What Do the Draft Guidelines Mean for Controllers and Processors?
The Draft Guidelines are subject to public consultation. As currently drafted, the Draft Guidelines may facilitate a proportionate fining approach for lower-turnover companies, but they raise a number of issues of concern for controllers and processors subject to the GDPR that are part of corporate groups with large global revenues. Whilst the Draft Guidelines do provide for SA discretion, the focus on revenues at various stages of the EDPB’s proposed methodology, and the difficulty controllers and processors may face in persuading SAs that any mitigation is warranted, mean that we might see larger fines being issued across the EU against high-revenue companies/ groups in respect of GDPR infringements. In the event that this is not ameliorated following consultation, the EDPB’s views likely will be challenged at an EU level and/or in the national courts in the near future.

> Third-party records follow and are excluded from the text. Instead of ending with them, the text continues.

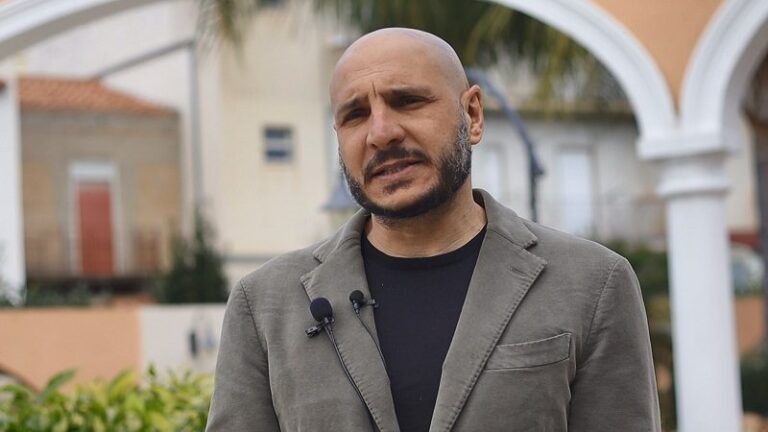Oliveri, il sindaco Francesco Iarrera: “Quei dossi obbligano a rallentare, hanno evitato ed evitano incidenti stradali, li lascio li!”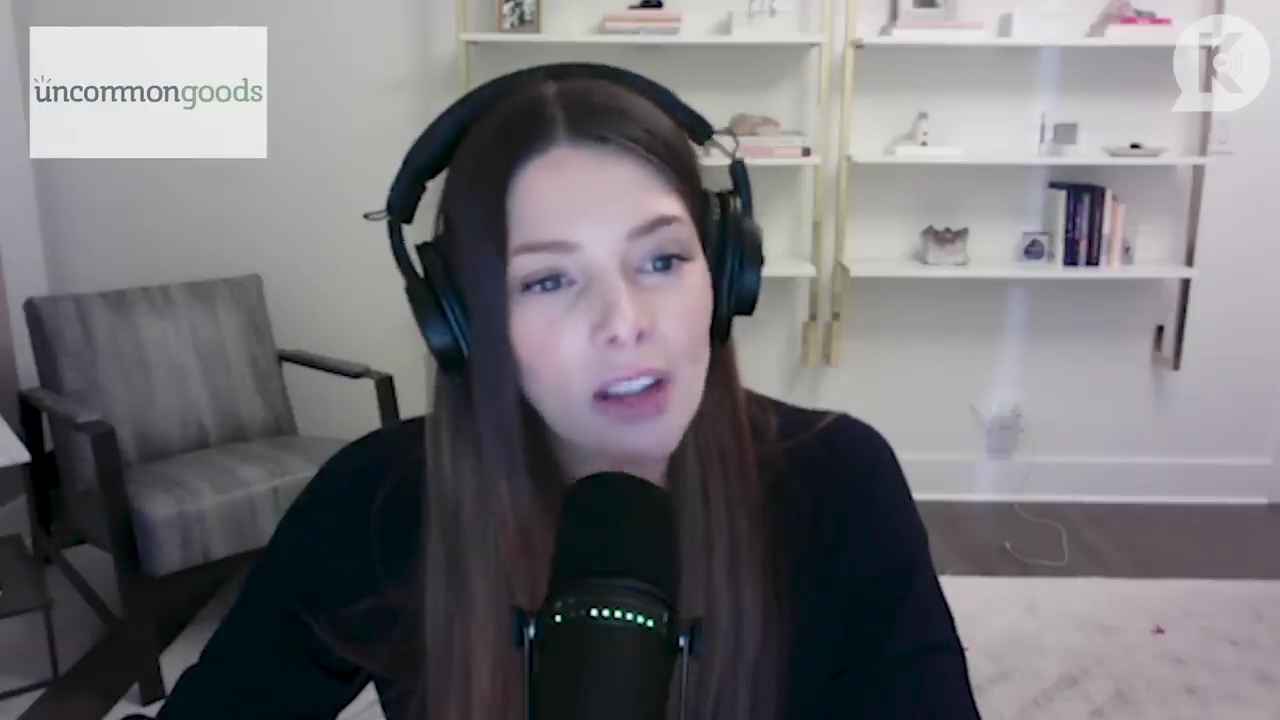 Ashley-Greene-dot-nl_TheTwilightEffect-TwilightCostumeDesignerWendyChuck0988.jpg Ashley-Greene-dot-nl_TheTwilightEffect-TwilightCostumeDesignerWendyChuck0988.jpg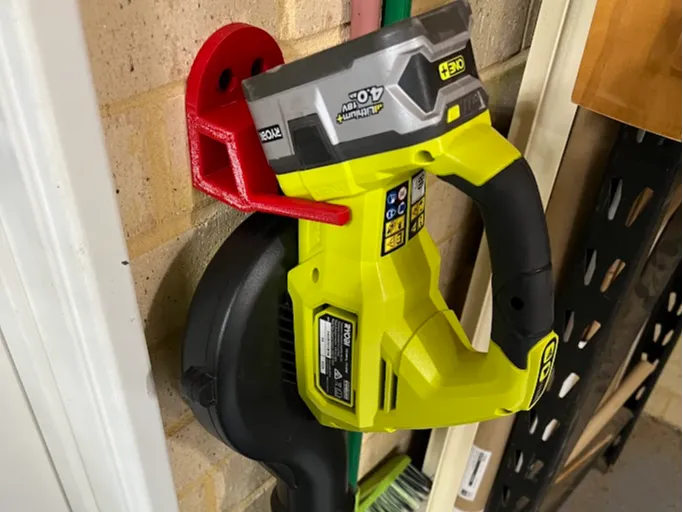 Hanger for ryobi Whisper series garden blower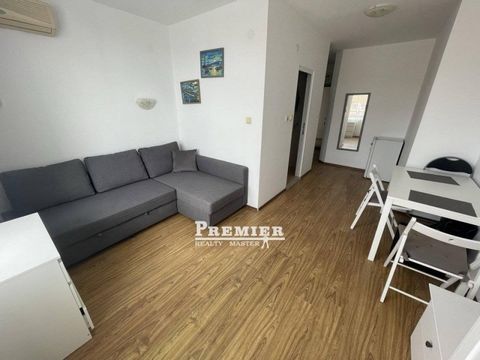 Wir bieten Ihnen eine Ein-Zimmer-Wohnung in einem geschlossenen Komplex nur wenige Meter vom Strand in Sveti Vlas entfernt. Die Wohnung befindet sich im mittleren 4. Stock und hat eine Fläche von 35qm. Voll möbliert und bereit zu leben. Der Komplex v...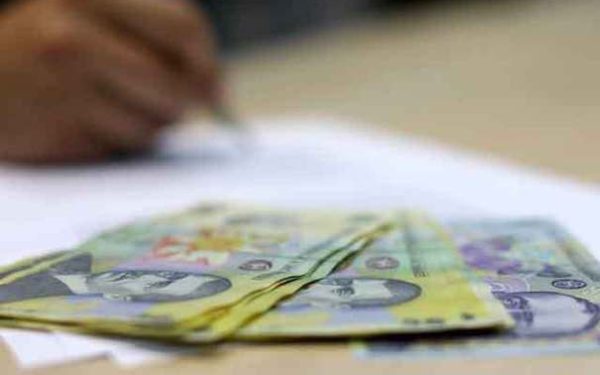 Românii iau credite prudent în S1/2026, dobânzi mari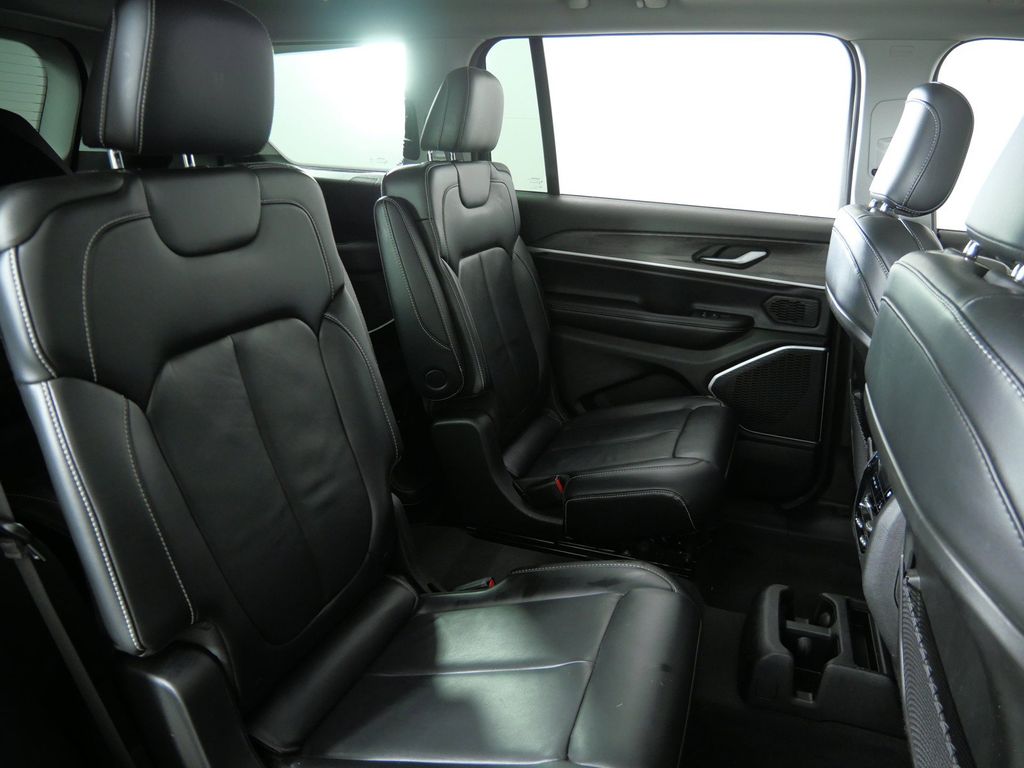 Thumbnail: 2021 Jeep Grand Cherokee L - 26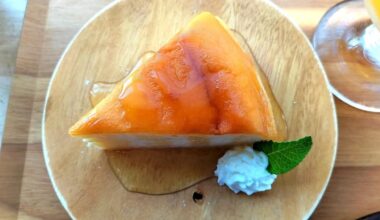 On a Citrus Island in Yamaguchi, a Honey Café Gave Us the Sweetest Pause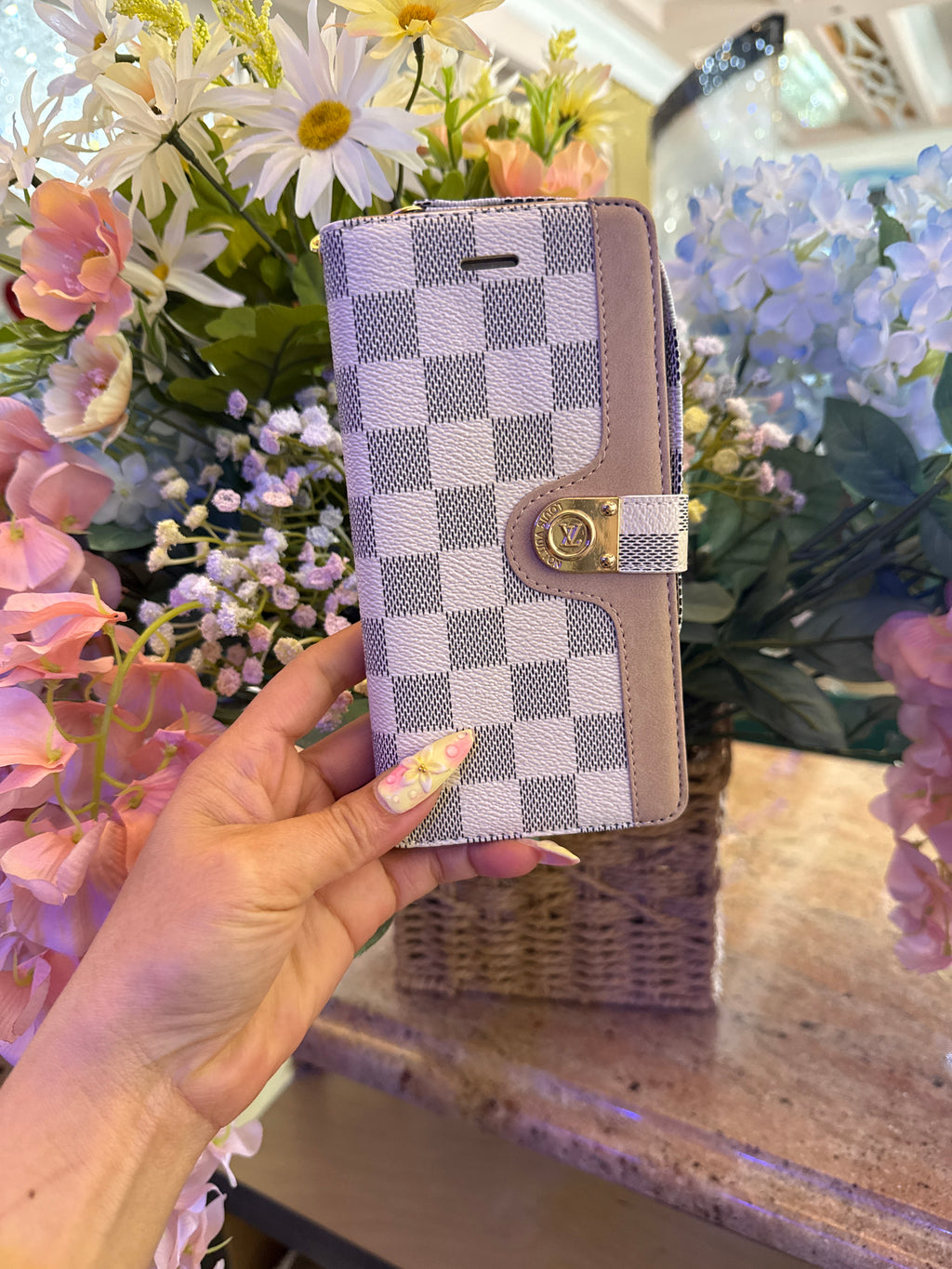 Lv Luxury Monogram Folio Wallet Case with Gold Clasp & Wristlet Attachment for iPhone cases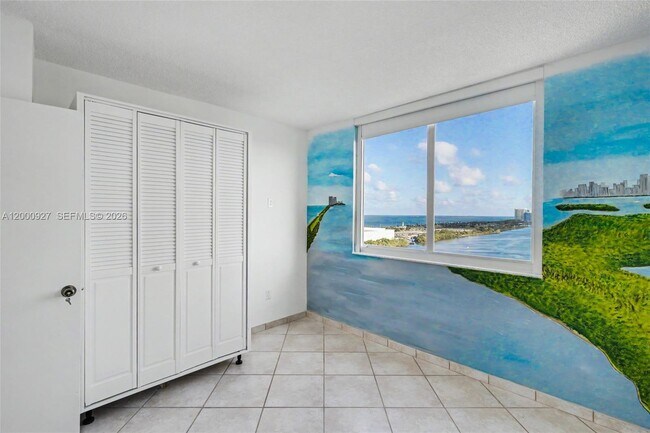 Building Photo - 500 Bayview Dr
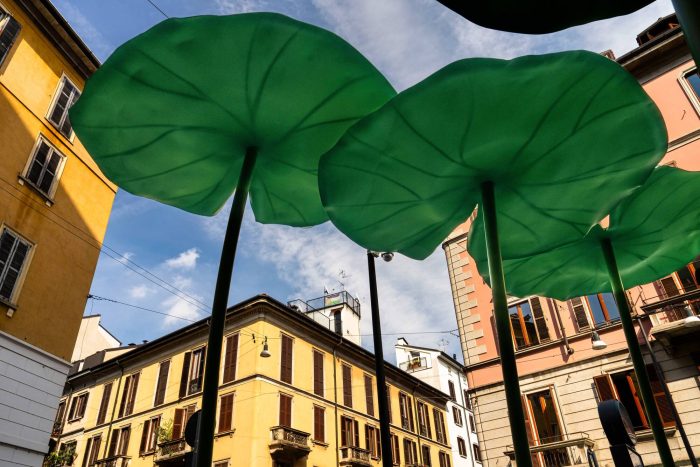 Renault Twingo 2026 licona sorridente torna trionfalmente a Milano The frog is back Design Week Milano 700x467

 These Draft Guidelines complement EDPB’s previously adopted by the Article 29 Working Party, Guidelines on the application and setting of administrative fines for the purpose of the Regulation 2016/679, which focus on the circumstances in which to impose a fine.
 Can include consideration of “the ratio between the number of data subjects affected and the total number of data subjects in that context”.
 The Draft Guidelines state that “previous infringements of either the same or different subject matter to the one being investigated might be considered relevant”, although note that “infringements of the same subject matter must be given more significance”.
 Some national laws do prevent SAs from considering previous infringements after a settled period. Likewise, certain national laws impose a record deletion obligation after a certain period of time, which prevents the acting supervisory authorities from taking into account these precedents.
 Indeed, it is understood that the EDPB’s views regarding the application of Article 83(3) GDPR, the relevance of revenues generally and what are the relevant revenues for the purposes of Articles 83(4)-(6) — none of which is addressed in detail in this summary of the Draft Guidelines — are currently subject to challenges in the courts.